Calculating and reducing your carbon footprint webinar Q&A

On 25 November 2020, Michael and Tony Ball from Coton Wood Farm, along with Becky Willson from The Farm Carbon Toolkit, explored how to measure and reduce your carbon footprint and make your farm more efficient. Here you can find a full list of the questions, along with the answers, taken from the webinar.

If  the arable farms are measuring their carbon before they sell the crop is that carbon attributed to the primary producer or the dairy that buys the wheat or soya or do both have to have the same carbon on their books?

No, as some of the emissions associated with the crop will be processing and transport which wouldn't be attributed to the producing farmer. Where we need better information is for different countries of origin, so for example you would be able to see the difference between buying wheat / barley from a neighbouring farm vs it coming from a longer distance away - currently we can't differentiate.

There are so many ways to assess carbon footprint on farm, how do you see this working going forward as different tools deliver different results, in order to gauge how the dairy industry as a whole is performing?

We are on a retail contract so are assessed through that but no sequestration is taken into account? - there are developments currently taking place that will make the carbon footprinting approach more consistent - all tool developers are keen that there is this consistency. However we need some action from Defra and others to ensure that all calculators are able to take account of sequestration in a scienfically robust and relevant way. This will come, but we aren't there yet!

Is net zero possible?

Yes but it will require significant change in practice, and inclusion of sequestration. 

NZ figures suggest beef and sheep farms there are in many cases very close to carbon neutral.  Is that the case here, or are they measuring it differently?

They are measuring it differently using the adapted figure for methane. 

Can you compare farm vs farm if the other farm is using a different carbon footprinting company/model?

No, the best person to compare with is yourself, if you are going to compare between farms they must be using the same tool otherwise its like comparing apples and pears.

Could using different grass leys be viable in reducing nitrous oxide emissions? For example using more clover within the mix to reduce reliance on artificial fertilisers to restore N due to the legume being nitrogen fixing?

Yes this is something that is definitely on the list as a beneficial practice. 

Is there any work being done on carbon footprint per calorie? i.e. to make it more consumer relevant?

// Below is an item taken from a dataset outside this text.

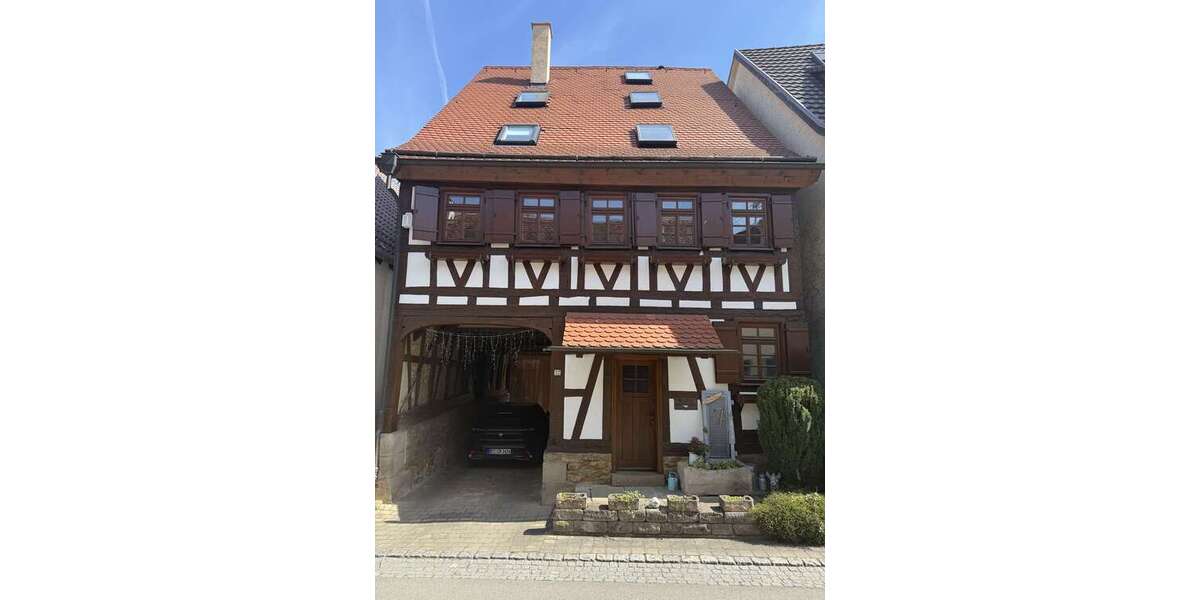 Einfamilienhaus Metzingen - 10 Zimmer, 288 m&sup2;, 1.840&euro; | Angebot:26847668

Yes we need to ensure that consumers get the information in a way which makes sense to them, however we have to be very careful in the way that this data is developed, otherwise we get more of the same around meat / milk bad and non livestock products are good. There is some work being led by Rothamsted research which is linking carbon footprint to nutrient density - this is a very interesting new area of work and allows consumers to link environmental impact to nutrients.